3. use proper source based routing on the ISP routers -> see homenet WG.
a) homenet is not available on real products
Your employer is in a situation to fix that.
b) if a particular resource is in the walled garden of one Carrier (access from other carriers are filtered), then source routing would not help, proper source address should be chosen first on the host. Only NPT resolves this situation now.
How can a NPT based solution know that "ISP A" is a walled garden? How will a NPT based solution create proper router redundancy? Terminating both ISPs on the same router is not what I'd call "redundant connections".
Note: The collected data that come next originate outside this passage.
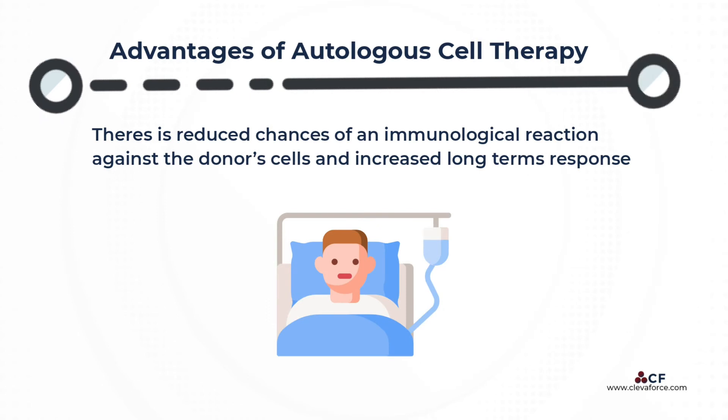One of the biggest benefits of autologous cell therapy is the reduced chances of an immunological reaction against the donor's cells and of graft-versus-host disease, since the patient's own cells are being used. The cells also have a chance to persist in the patient's body for months or years to elicit a long-term response.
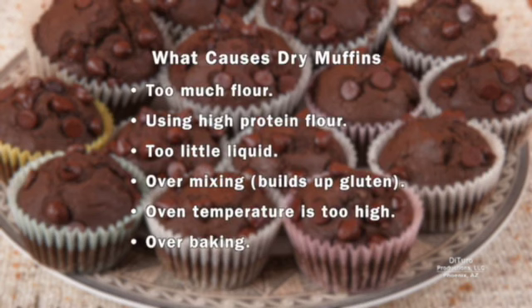There are many reasons for dry muffins, from too much flour to too high a protein flour, too little liquid, over mixing, oven temperature is too high, and over baking.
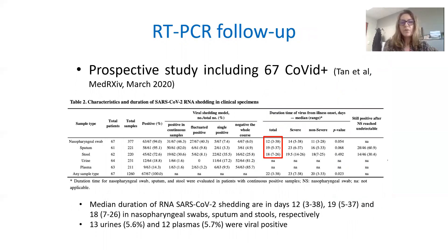Looking at the follow-up of RT-PCRs in infected patients, in a prospective study including 67 COVID patients, the median duration of SARS-CoV-2 RNA shedding was 12 days for nasopharyngeal swabs, 19 days for sputum, and 18 days in stool samples. They were also able to detect positive RNA in urine and plasma.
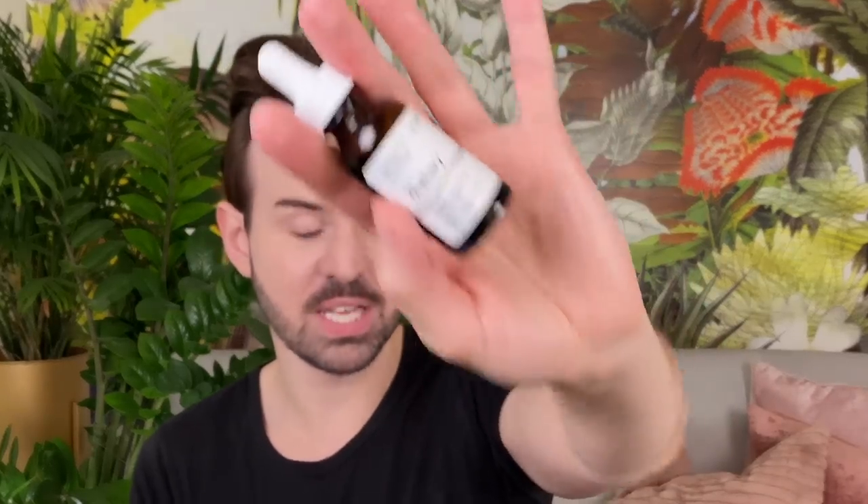Another active that I find so damn amazing for the price and the way it is formulated is simply the Buffet plus Copper Peptides. I already have a whole video dedicated to peptides for anti-aging. Do I think they are a must-have, gold-standard ingredient? No, they are not.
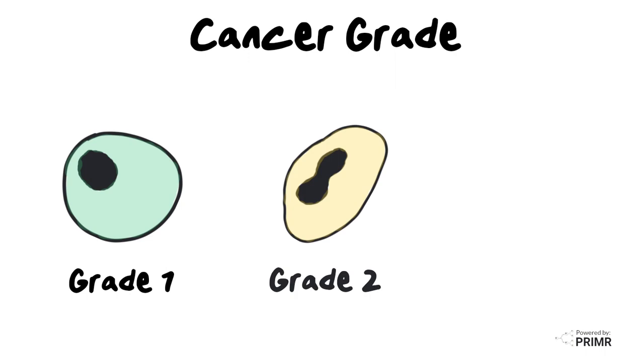Grade 2 tumors are more aggressive than grade 1, and sometimes are called intermediate grade. Under the microscope, they begin to take on odd-appearing shapes, indicating they're beginning to grow faster.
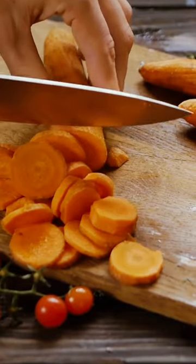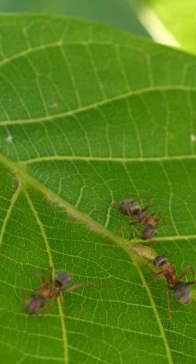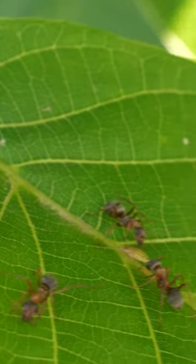Red-eared sliders require a source of animal protein in their diet. This can be provided through commercial turtle treats or natural foods like insects, small fish, and cooked chicken or turkey.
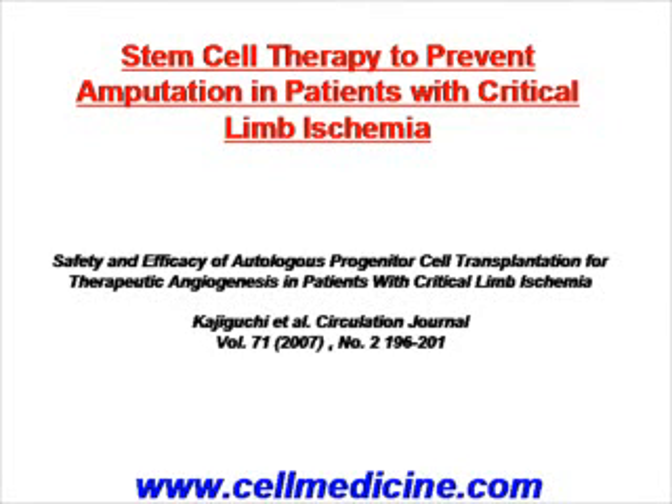We're going to be reviewing a paper recently published in the Circulation Journal that discusses the use of stem cell therapy to prevent amputation in patients with critical limb ischemia.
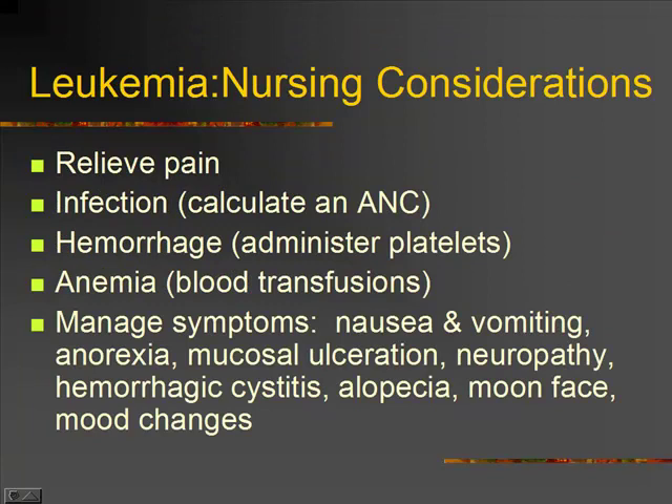Nursing considerations: a child with leukemia has a lot of pain — it's that marrow pain, it's deep pain, it's hard to control. So we want to make sure we're really working on controlling pain. Remember, they're at risk for infection. They didn't have enough mature white blood cells to begin with, and now we've killed off what they do have, so they're very at risk for infection. We'll look at how to calculate an ANC in a minute.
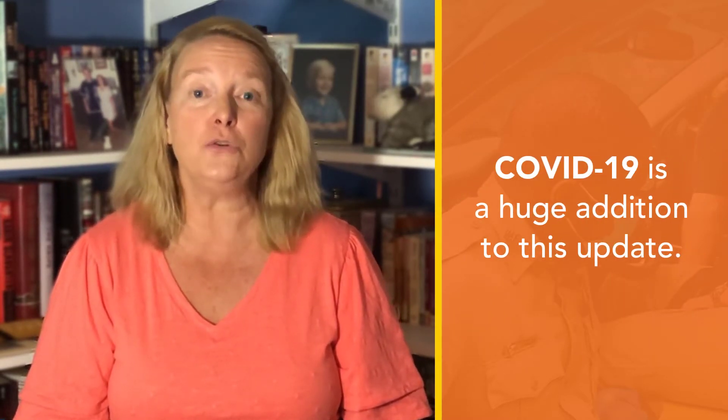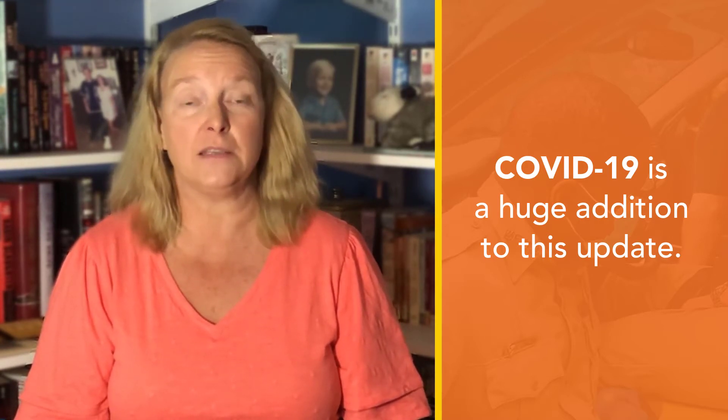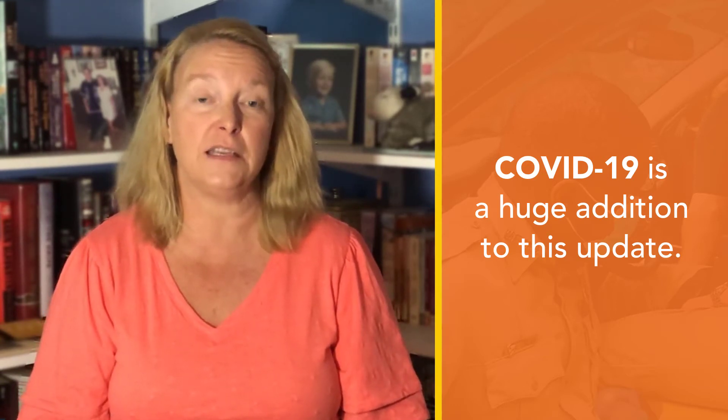So what's new? Obviously, COVID-19 is a huge addition to this update. Information on personal safety and PPE is included throughout, as well as care and management of patients with known or suspected COVID-19.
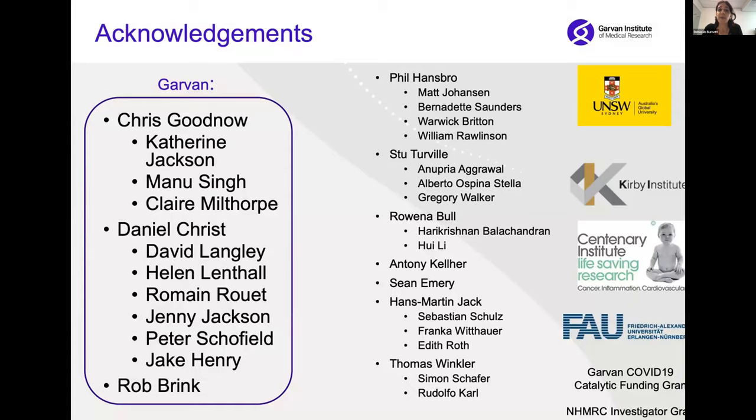I'd really like to stress that this work was done by many — it was a big collaborative effort. There was a huge number of people at Garvin involved, and in particular I'd like to flag Katherine Jackson, who did a lot of the antibody analysis, and many people from Daniel's Chris lab who made those beautiful structural images. There were also many collaborators from other institutes in Australia and around the world — particularly Stu Turville, who did the neutralization studies, and Hans Martin's group, who gave us access to those amazing mouse models. This work was largely made possible through philanthropic funding from people who donated to the Garvin COVID-19 catalytic funding appeal. Thank you very much.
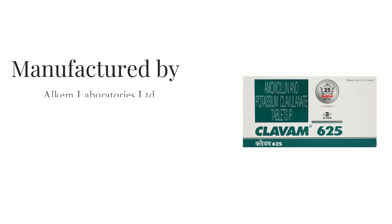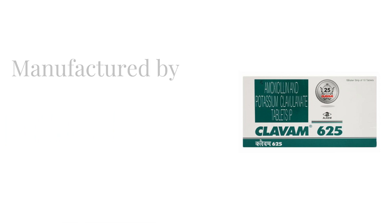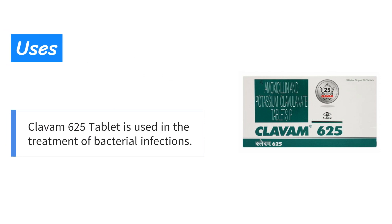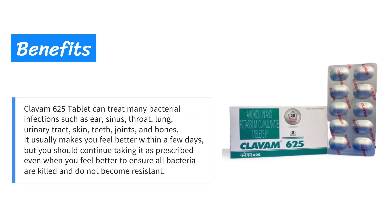Manufactured by Alchem Laboratories Limited, Clavom 625 tablet is used in the treatment of bacterial infections. Clavom 625 tablet can treat many bacterial infections such as ear, sinus, throat, lung, urinary tract, skin, teeth, joints,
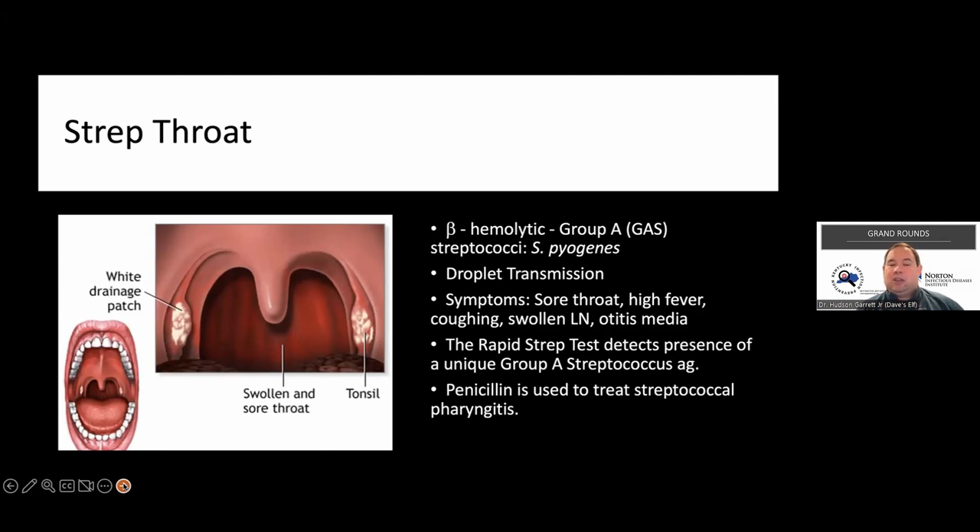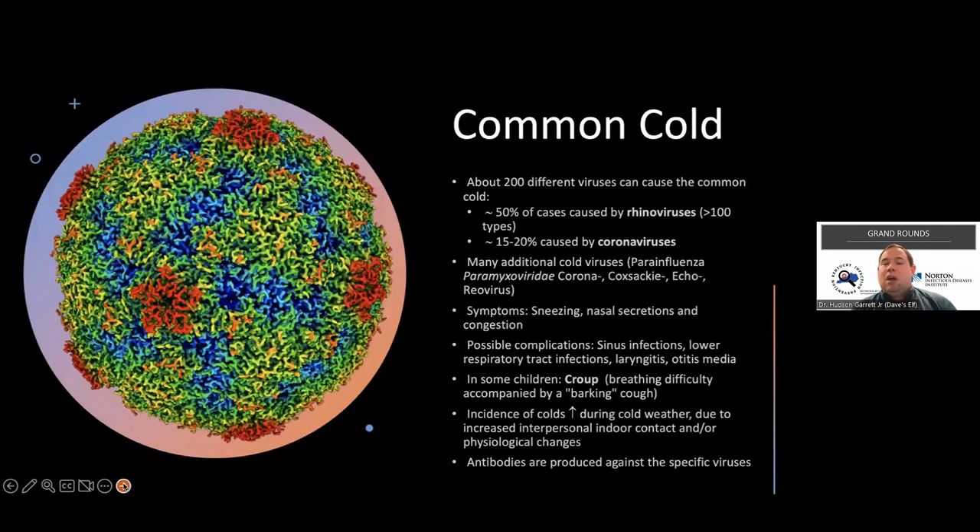One anecdotal comment: penicillin allergy. If patients say they're allergic to penicillin, ask what that allergy looked like, when it was, what the resolution was, were they truly anaphylactic? Most patients are not truly allergic - the most recent data overwhelmingly showed most are not allergic at all, and this can be cleared with a simple dermatological test. I fell into this category myself - as a child I'd had a reaction, was retested before surgery, and have since taken penicillin with no issues.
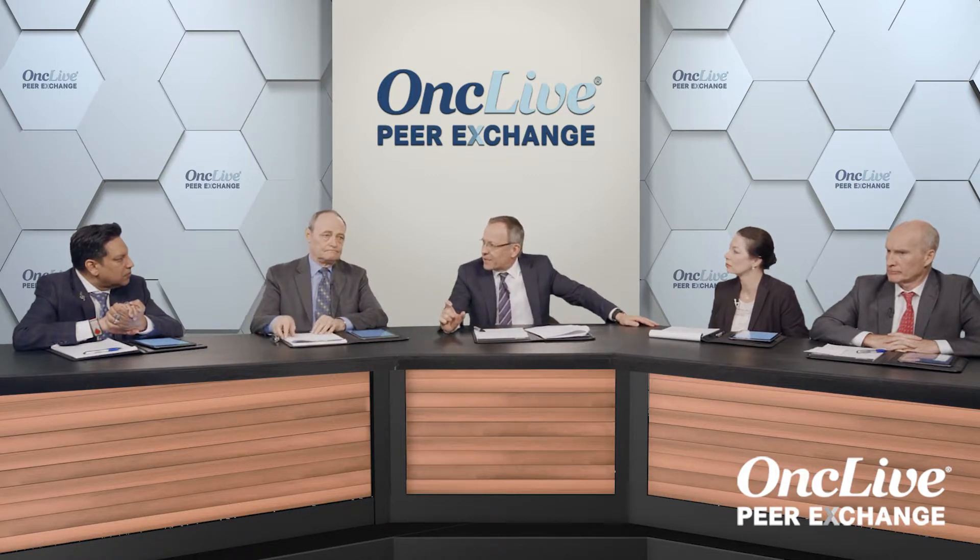Are you doing IHC for the mismatch repair deficiency genes on endometrial cancer standardly across the population? Very standardly. We've learned that the most common abnormality is MLH1, and when MLH1 is deficient, you have to look for promoter hypermethylation as an epigenetic silencing. Anything else probably should be referred for Lynch syndrome testing. So you have this opportunity to create a biomarker for therapy, but also a biomarker for Lynch syndrome testing. We've detected about three percent of our patients with Lynch syndrome that way.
c) homenet did not try to resolve ND problems of proper withdrawal for stale prefixes. If uplink to one carrier would be lost - it does not discuss how it would be informed to the hosts on the first hop.
This has been addressed independent of Homenet, because it affects ISP flash renumbering as well.
Hence, no - solution 3 does not exist.
If phrased that way, neither do "solution 1" or "solution 2" today. Gert Doering -- NetMaster -- have you enabled IPv6 on something today...? SpaceNet AG Vorstand: Sebastian v. Bomhard, Michael Emmer Joseph-Dollinger-Bogen 14 Aufsichtsratsvors.: A. Grundner-Culemann D-80807 Muenchen HRB: 136055 (AG Muenchen) Tel: +49 (0)89/32356-444 USt-IdNr.: DE813185279
Hi Eduard, On Wed, Dec 22, 2021 at 12:10 AM Vasilenko Eduard <vasilenko.eduard@huawei.com> wrote:
Hi Leo, Almost any business (even small) would like to have Internet resiliency in the form of redundant connections through the different Carriers.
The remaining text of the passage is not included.